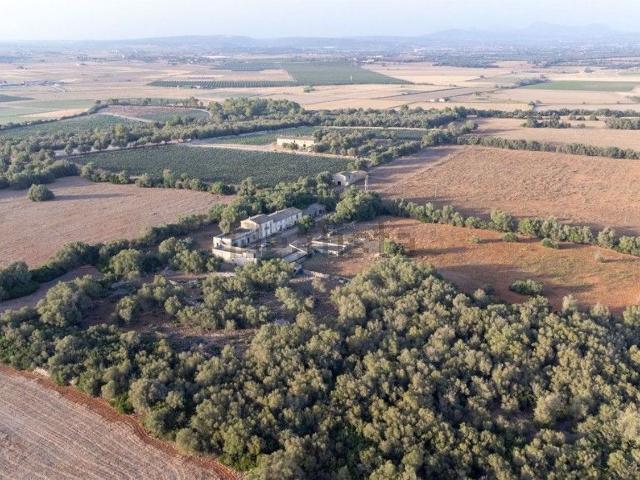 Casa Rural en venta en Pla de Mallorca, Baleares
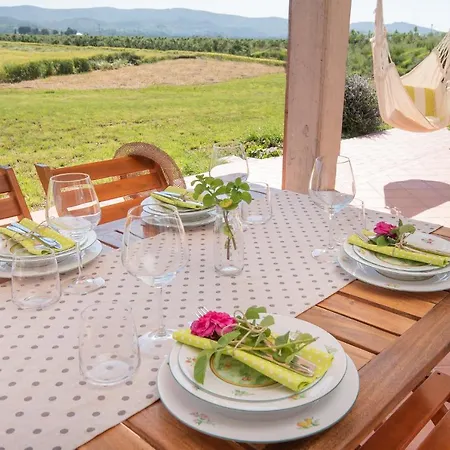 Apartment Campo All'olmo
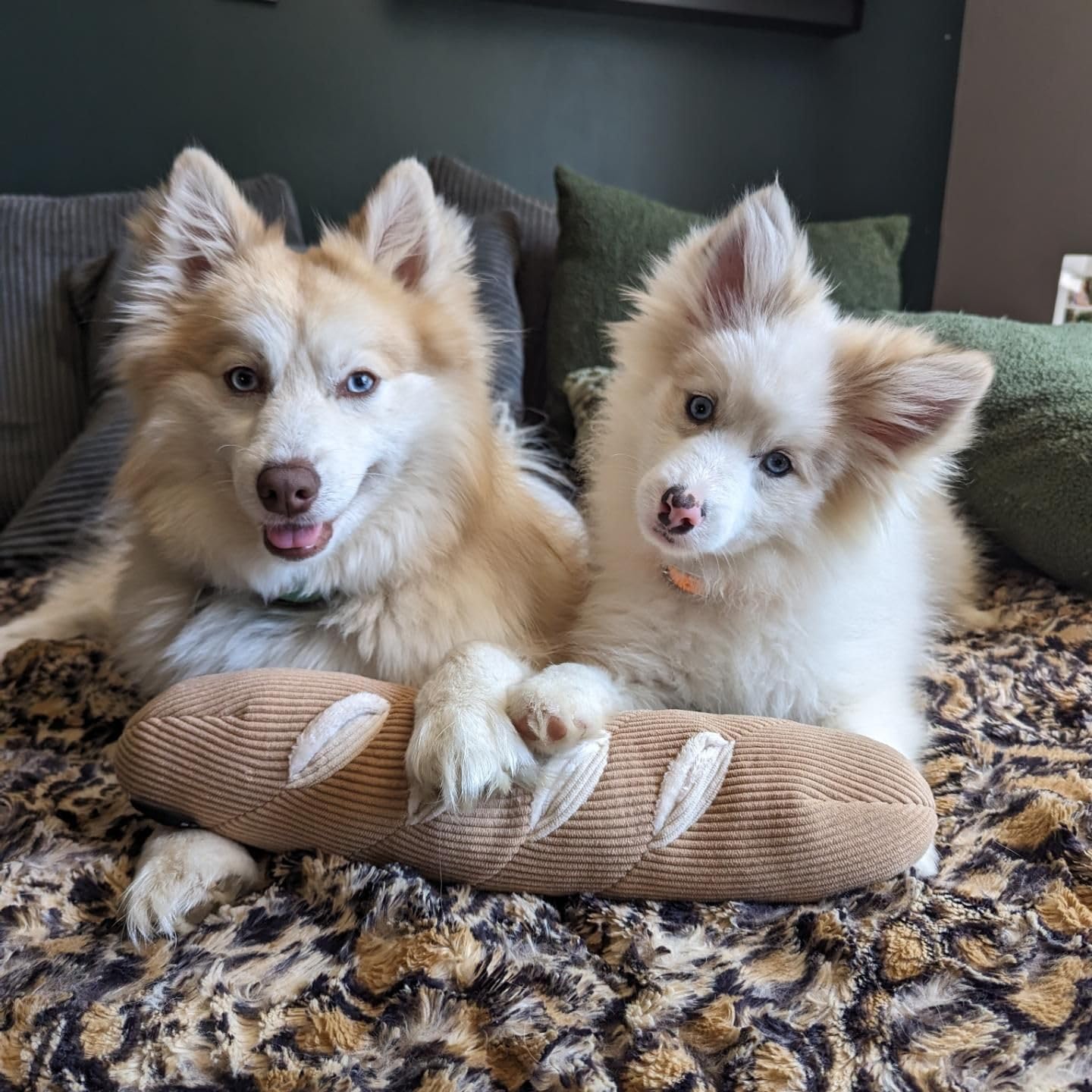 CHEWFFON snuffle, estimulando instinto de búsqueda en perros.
◇ ◇ ◇ ◇ ◇
The listing above must be given again exactly, minus its pictures.

Task response ▸
 Casa Rural en venta en Pla de Mallorca, Baleares
 Apartment Campo All'olmo
 CHEWFFON snuffle, estimulando instinto de búsqueda en perros.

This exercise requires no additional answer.